= Dataset extract =
------------------------------------------------------------
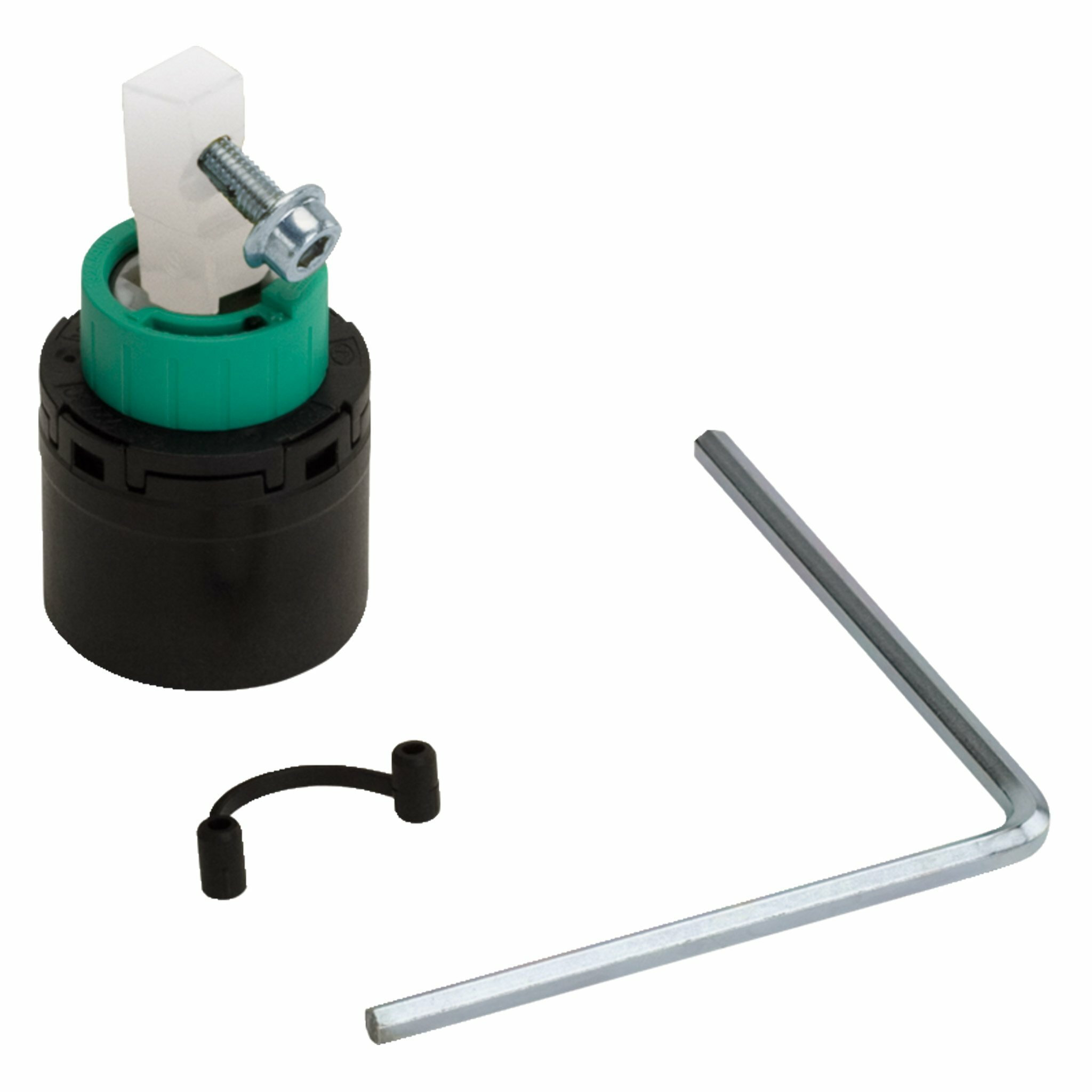 Cartouche céramique pour mitigeur Hansgrohe M3 / M2 - vue 2
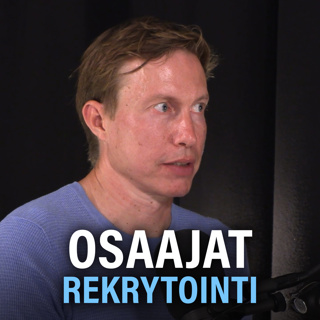 Huippuosaajien rekrytointi Suomeen (Mikael Thuneberg) | Puheenaihe 363
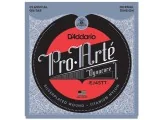 D'Addario EJ45TT Pro-Arté Dynacore, Titanium Trebles, Normal Tension Takım Tel - Klasik Gitar Teli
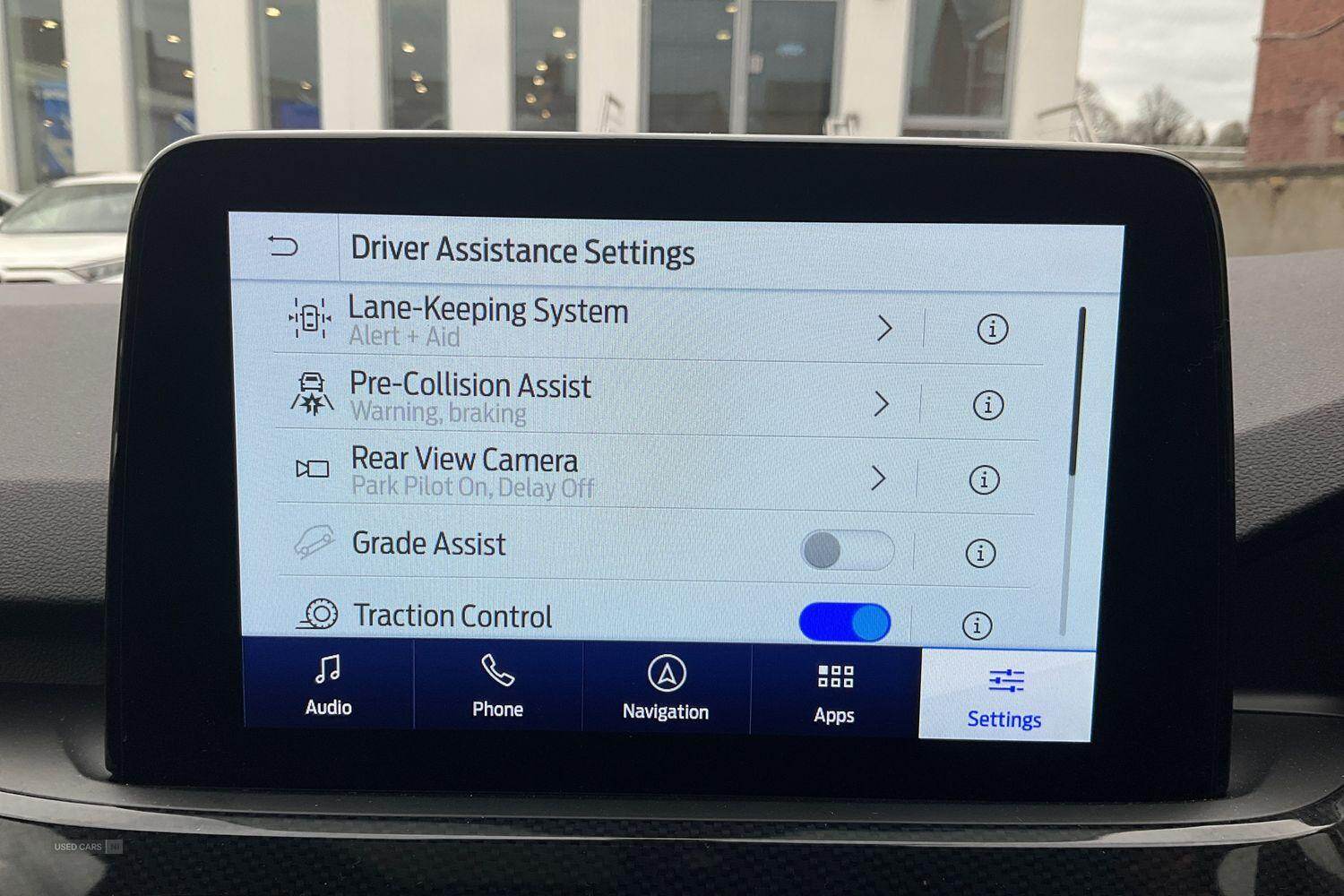 Feb 2022 Ford Kuga 2.5 PHEV ST-Line X Edition 5dr CVT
------------------------------------------------------------
= Task instructions =
Using the listing above, write out exactly the lines from the one that holds "Huippuosaajien rekrytointi Suomeen" through the last line, both included, and omit pictures.

= Written solution =
 Huippuosaajien rekrytointi Suomeen (Mikael Thuneberg) | Puheenaihe 363
 D'Addario EJ45TT Pro-Arté Dynacore, Titanium Trebles, Normal Tension Takım Tel - Klasik Gitar Teli
 Feb 2022 Ford Kuga 2.5 PHEV ST-Line X Edition 5dr CVT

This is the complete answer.